Viewpoint-2015/9/23
政府は国交相に不服申し立てへ、行政訴訟になれば県が不利か
翁長(おなが)雄志(たけし)知事が14日、辺野古公有水面埋め立ての承認取り消しの手続きに入ったことを表明した。沖縄防衛局は意見聴取に応じないと県に伝え、取り消しは決定的になった。また、知事は国連の先住民の人権に関する会議で演説。多くの県民から反発を買う結果を招いた。(那覇支局・豊田 剛)
翁長知事、国連先住民会議で演説
自民党県連「世界に誤解与える発言」
辺野古移設 埋立承認取り消し決定的に
辺野古沖の埋め立て承認取り消し計画を表明した翁長雄志知事=14日、那覇市の沖縄県庁
「県は去る7月16日、埋め立て承認の法律的な瑕疵を検証する第三者委員会の検証結果報告を受け、関係部局において内容などを精査した結果、瑕疵があるものと認められました」
こう述べた翁長氏は14日付で井上一徳・沖縄防衛局長に意見聴取にかかる通知書を出したことを明らかにした。取り消しに関する意見聴取の期日として9月28日を指定した。反論の機会を与えるというのが名目上の理由だ。
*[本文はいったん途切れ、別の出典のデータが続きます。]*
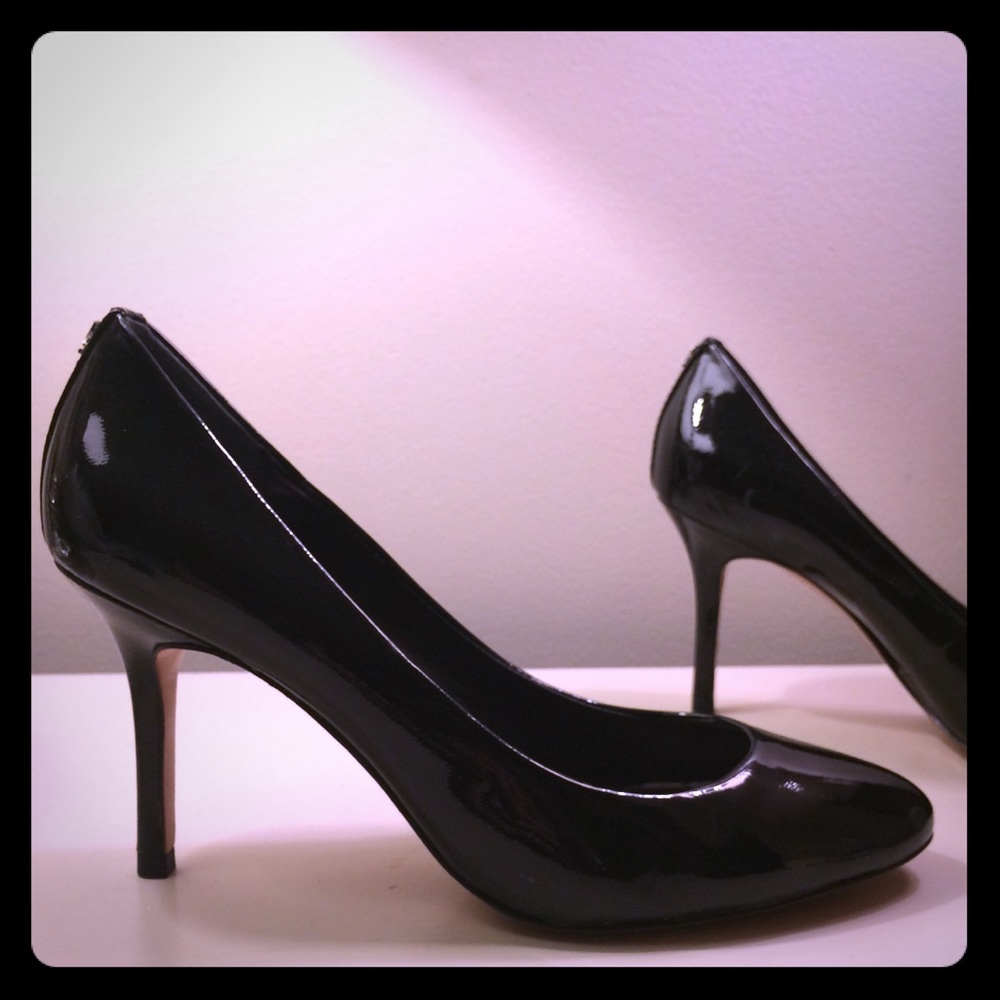 Classic Coach black patent leather pumps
これに対し、沖縄防衛局は意見聴取に応じないことを県に口頭で伝えるとともに文書を送った。これで取り消しが決定的になった。政府は行政不服審査法による不服申し立てを国交相に行うなどで対抗することになる。行政訴訟で法廷闘争となれば、政府の側が有利とみられる。
記者会見で裁判の「勝算」について聞かれると、翁長氏は「現段階での言及は控える」と述べるにとどめた。
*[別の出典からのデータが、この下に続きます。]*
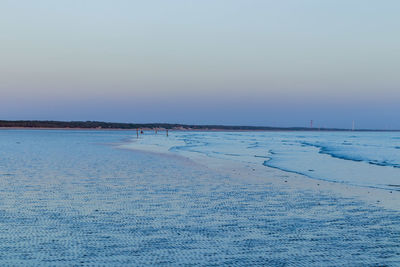 Scenic view of frozen sea against clear sky during winter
なお、県が公表した文書によると、埋め立て承認取り消しの理由として、①普天間飛行場が他県に移転しても4軍(陸軍、海軍、空軍、海兵隊)の基地が残り、抑止力が低下することはない②いったん埋め立てられると現状の自然への回復が不可能になる③埋め立ては米軍基地の固定化を招く――などを挙げた。環境影響については、海草藻場の消失、サンゴへの影響、ジュゴンへの影響、埋立土砂搬入による外来種の進入の懸念、航空機による低周波音などを指摘した。
県の指摘は米軍における兵站(へいたん)や航空部隊など一体運用の必要性や周辺諸国の状況を踏まえた地政学的観点が欠如している。
宜野湾市の佐喜真淳市長は、知事が危険性除去に触れなかったことに遺憾の意を示し、返還合意当時の大田昌秀知事のコメント「普天間が街のど真ん中にあり、人命の危険への懸念が強い」が返還合意の原点との見方を示した。
また、自民党県連の元幹部は「取り消しが決定的となり、これでいよいよ問題は決着したに等しい。国と裁判すれば負けるのは明らかだ」とした上で、「知事は最後まで政府に立ち向かったという体裁が保てればいいのであろう」と述べた。
翁長知事は引き続き、21、22日にスイスのジュネーブで開かれた国連人権理事会の先住民族問題を扱う会議に出席、米軍普天間飛行場の辺野古移設計画を沖縄の自己決定権に反する人権問題として取り上げた。
それに先立ち、自民党県連は17日、要請書を提出した。文書の名前は「翁長知事の国連演説に対して沖縄県として『琉球人・先住民』としての意思決定がない中で、先住民族の権利を主張する国際的な場において翁長知事が演説することに懸念し、慎重発言を求める要請書」だ。
「基地問題は政治の責任で、知事を先頭に交渉力で解決すべき国内問題」とした上で、「沖縄県民であると同時に日本人であることに誇りを持って生きていて、『琉球人・先住民』として権利が侵害され差別されているという考えには違和感ある」と指摘。知事の国連演説は世界に誤ったメッセージを送ることになると危惧を表明。
具志孝助幹事長は、基地負担の問題は人権蹂躙(じゅうりん)ではなく、すなわち、人権問題ではないと強調した上で、「先住民」という言葉を使って国際社会に誤解を与えることがないよう釘(くぎ)を刺した。
また、それに先立ち、石垣市議会は15日、同市に属する尖閣諸島が日本固有の領土であることを取り上げるよう求める意見書を与党の賛成多数で可決した。意見書を提出した砥板(といた)芳行市議は、中国が一方的な領有権主張と力で現状変更しようとたくらんでいて、「沖縄県民の人権を侵害している事実を沖縄県民の代表として主張しなければならない」と訴えた。
県内11市のうち那覇と名護を除く9市の保守系市長はこのほど、「沖縄の振興を考える保守系市長の会」を結成した。会長に就任した宮古島市の下地敏彦市長は、「知事が政府と対立したままだと離島振興もおぼつかない」との理由で、昨年の知事選で仲井真弘多(ひろかず)前知事を支援していた市長らに呼び掛けた。
最近、翁長知事から「オール沖縄」という言葉があまり聞かれなくなったのもそのためだろう。